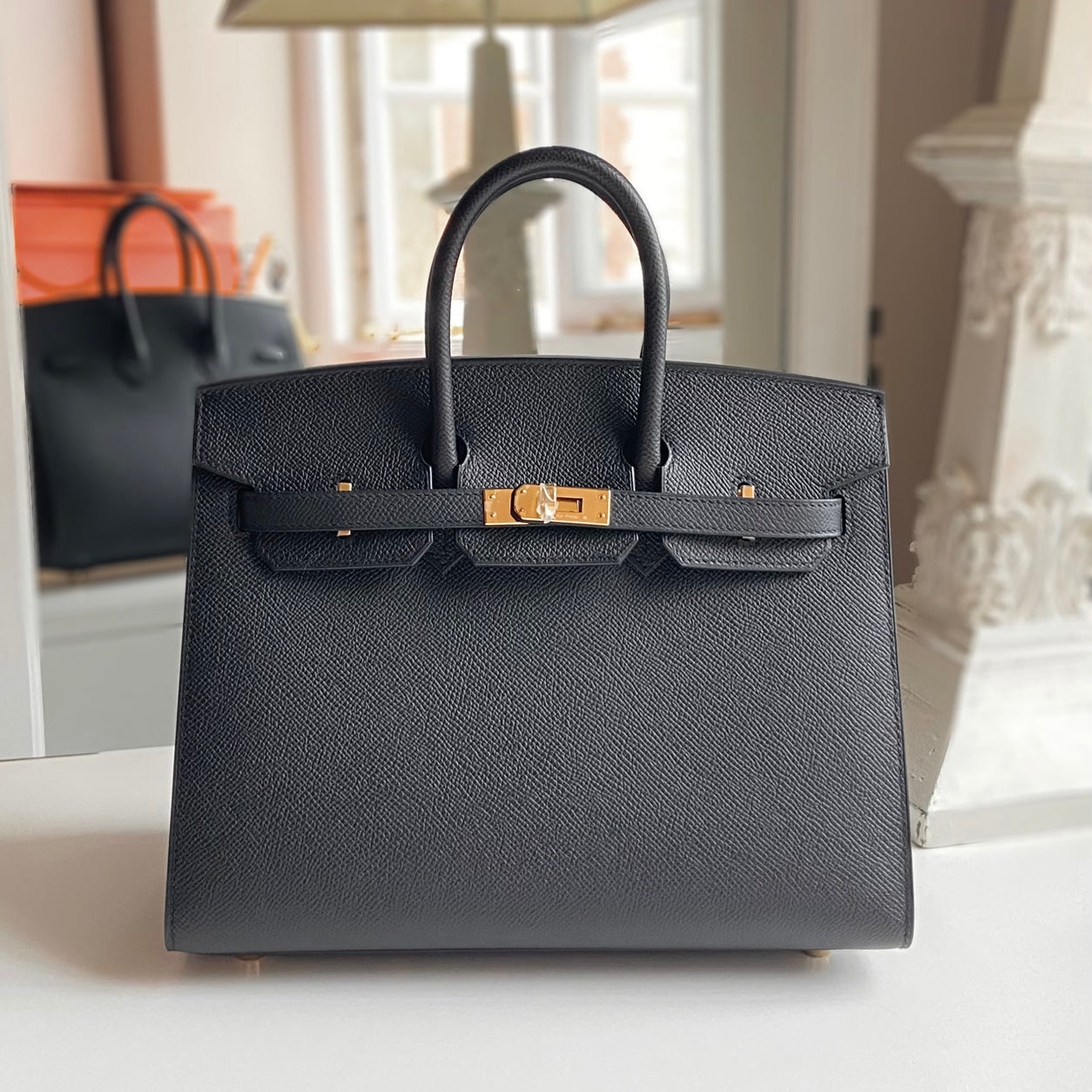 Hermès Birkin 25cm Black Sellier Epsom GHW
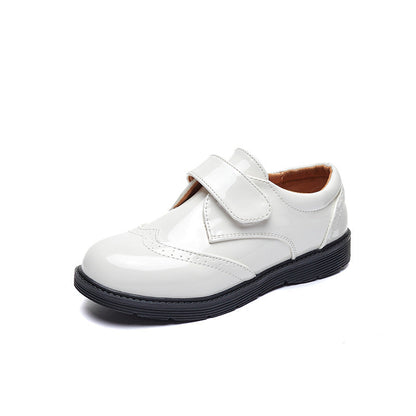 Boys' fashion leather shoes with soft bottom sole by My Store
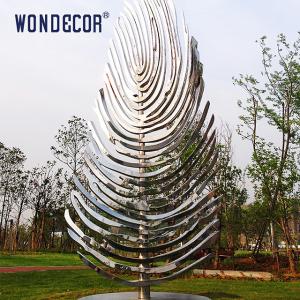 Quality Customized Stereoscopic Stainless Steel Tree Sculpture Garden Decoration Abstract Geometric wholesale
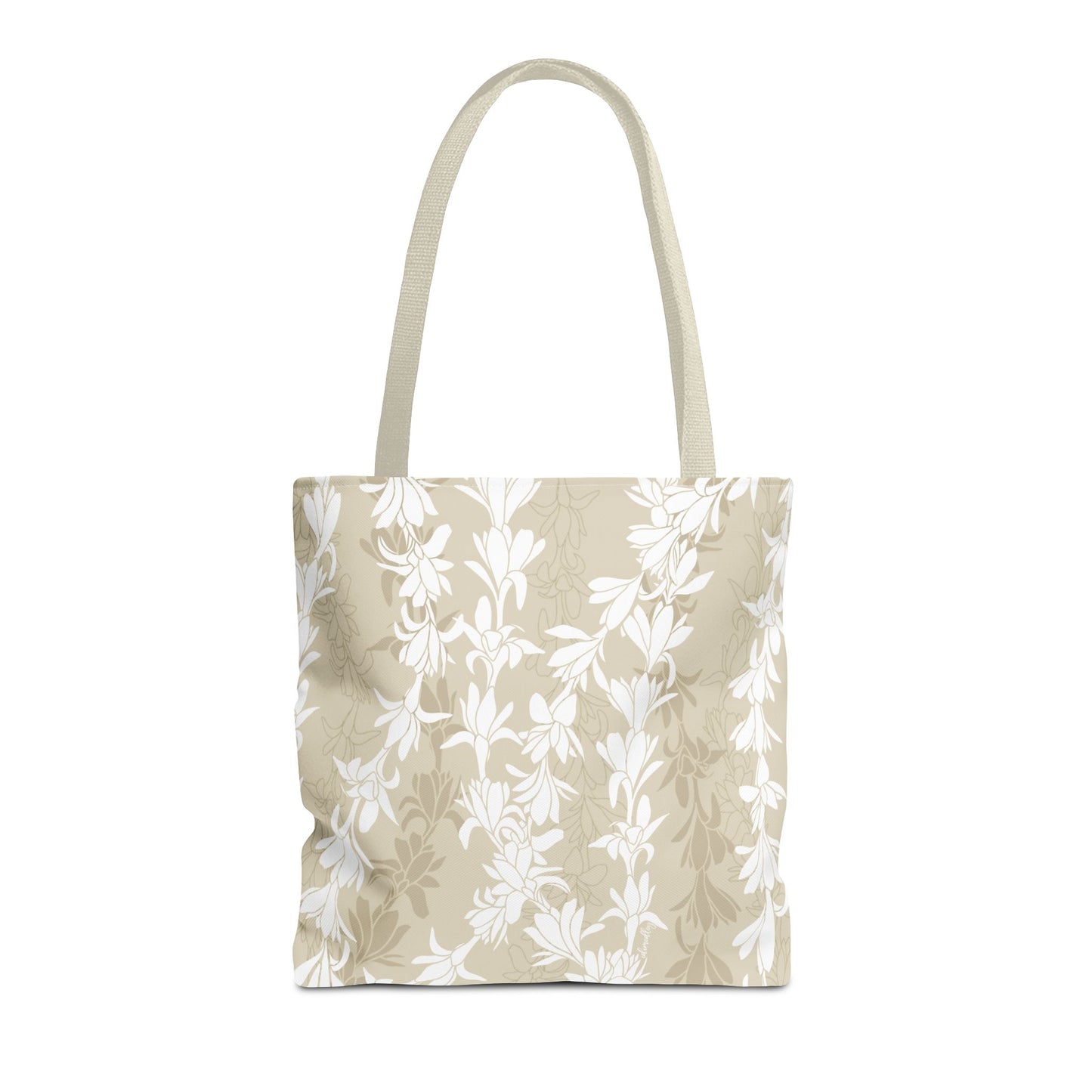 Tote bag- Tuberoses for Nohea (Sand)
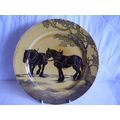Antique Royal Doulton Plough Horses Plate Holbe...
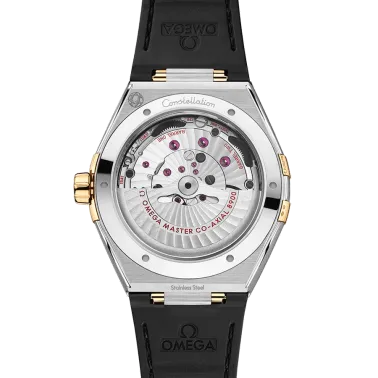 Montre Omega Constellation Co-Axial Master Chronometer Or & Acier cadran vert bracelet cuir 41 mm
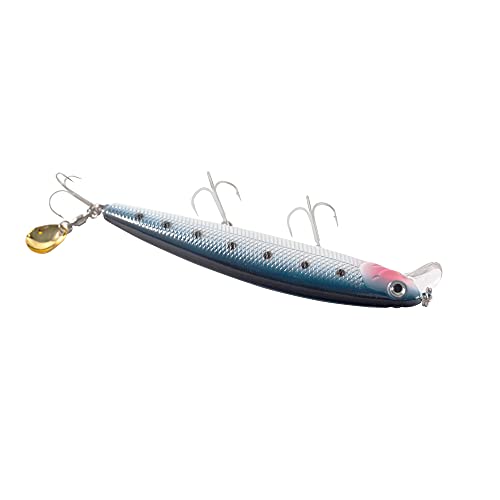 Calissa Offshore Tackle 110mm and 140mm California Inshore Fishing - Special Jerkbait Crankbait Surf Flash Fishing Salt Pro Lure Minnow Zebra MS Metallic Sardine Glow - size: 110mm, style: Pink Headed Sardine Glow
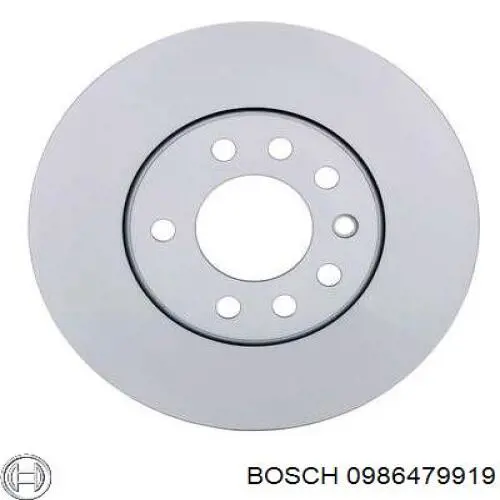 0 986 479 919 Bosch disco de freno delantero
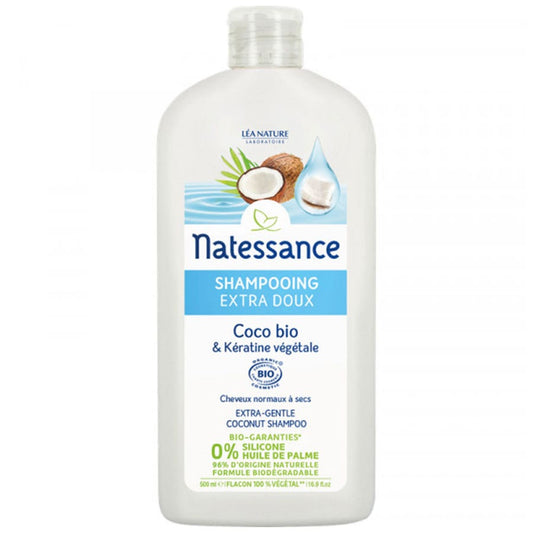 Extra Gentle Shampoo 500ml Coco Natessance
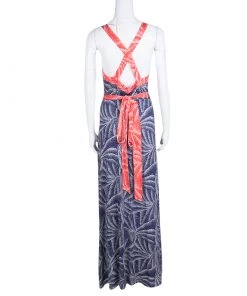 Diane Von Furstenberg Printed Silk Jersey Samson Wrap Maxi Dress L For Women -Diane Von Furstenberg shop luxury women diane von furstenberg used clothes p133804 0003
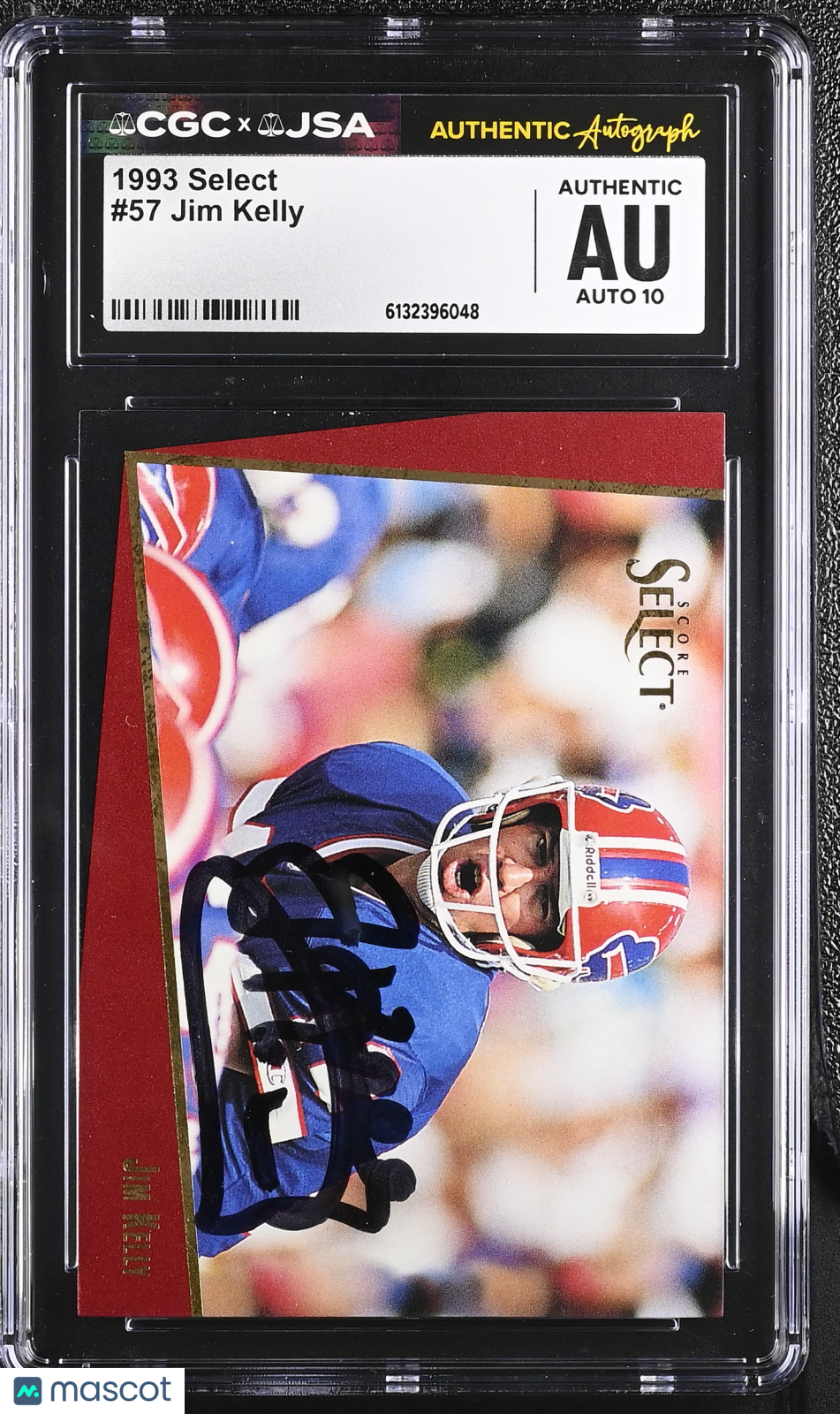 1993 Select Jim Kelly Auto Autograph #57 CGC Authentic JSA Buffalo Bills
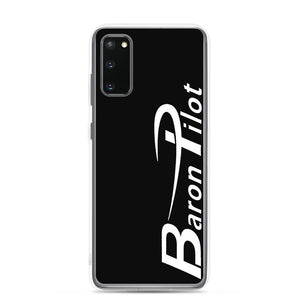 Black Baron Pilot Samsung (All S20 Versions) Phone Case - White Font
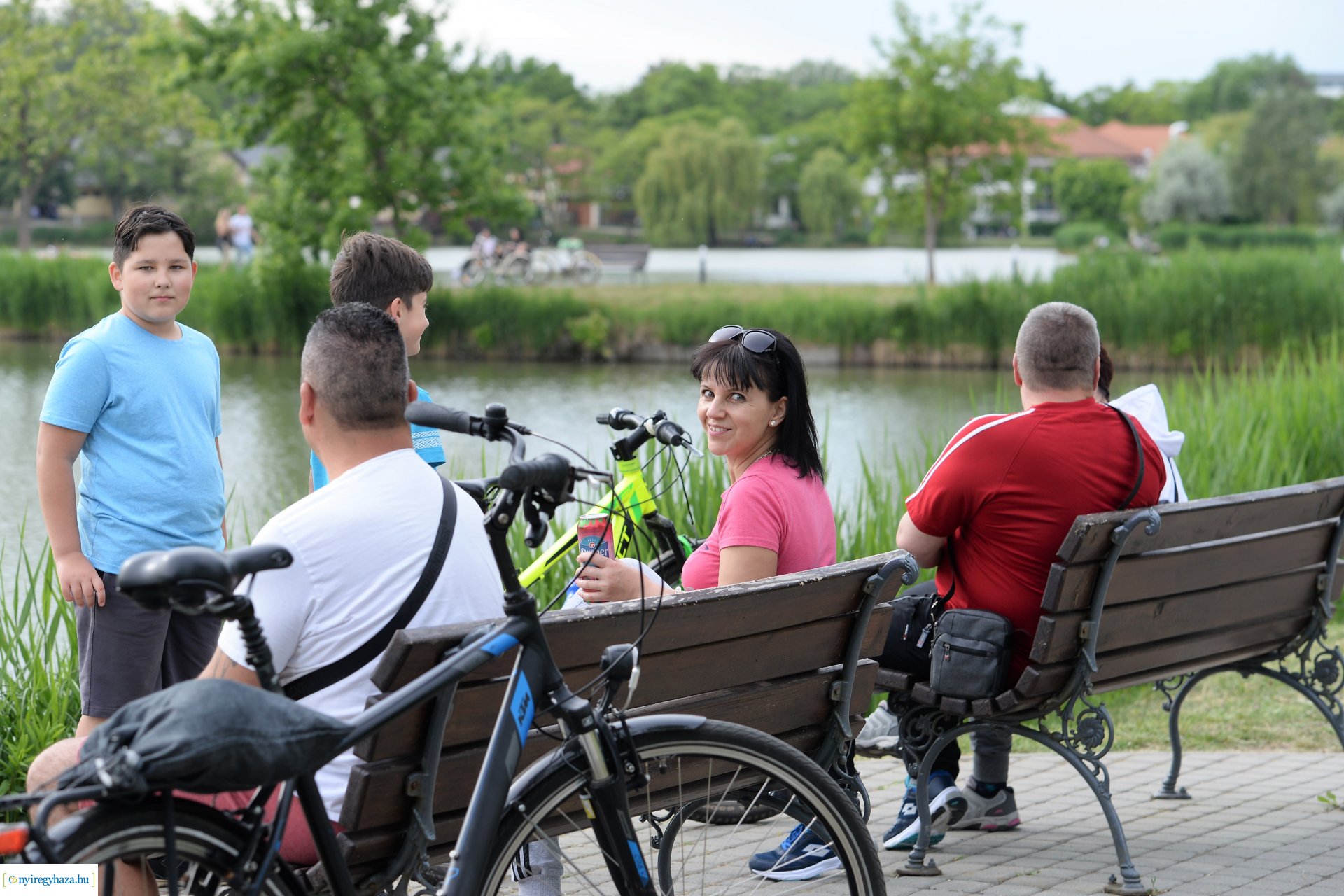Szombat délután benépesült Sóstó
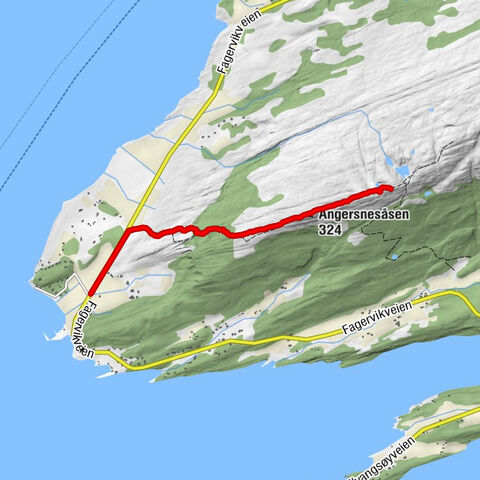 Leirfjord - Reinesaksla utsiktspunkt - Angersnesåsen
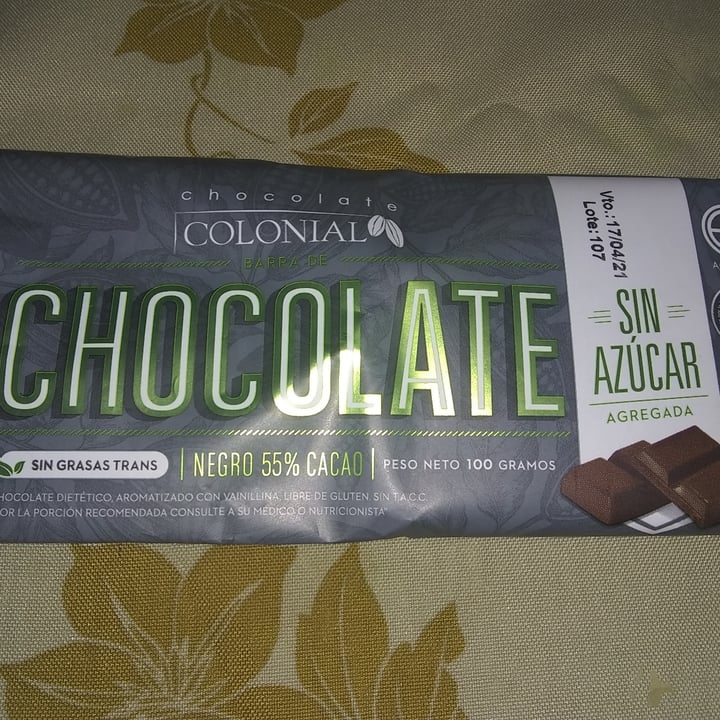 photo of Chocolate Colonial Chocolate 50% cacao shared by @dolceincubo on  25 Jul 2020 - review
○ ○ ○ ○ ○
#### Required work
Extract, word for word, each line from the one that contains "Black Baron Pilot" through the final line of the data above. Leave the pictures out.

#### Task result
 Black Baron Pilot Samsung (All S20 Versions) Phone Case - White Font
Szombat délután benépesült Sóstó
 Leirfjord - Reinesaksla utsiktspunkt - Angersnesåsen
 photo of Chocolate Colonial Chocolate 50% cacao shared by @dolceincubo on  25 Jul 2020 - review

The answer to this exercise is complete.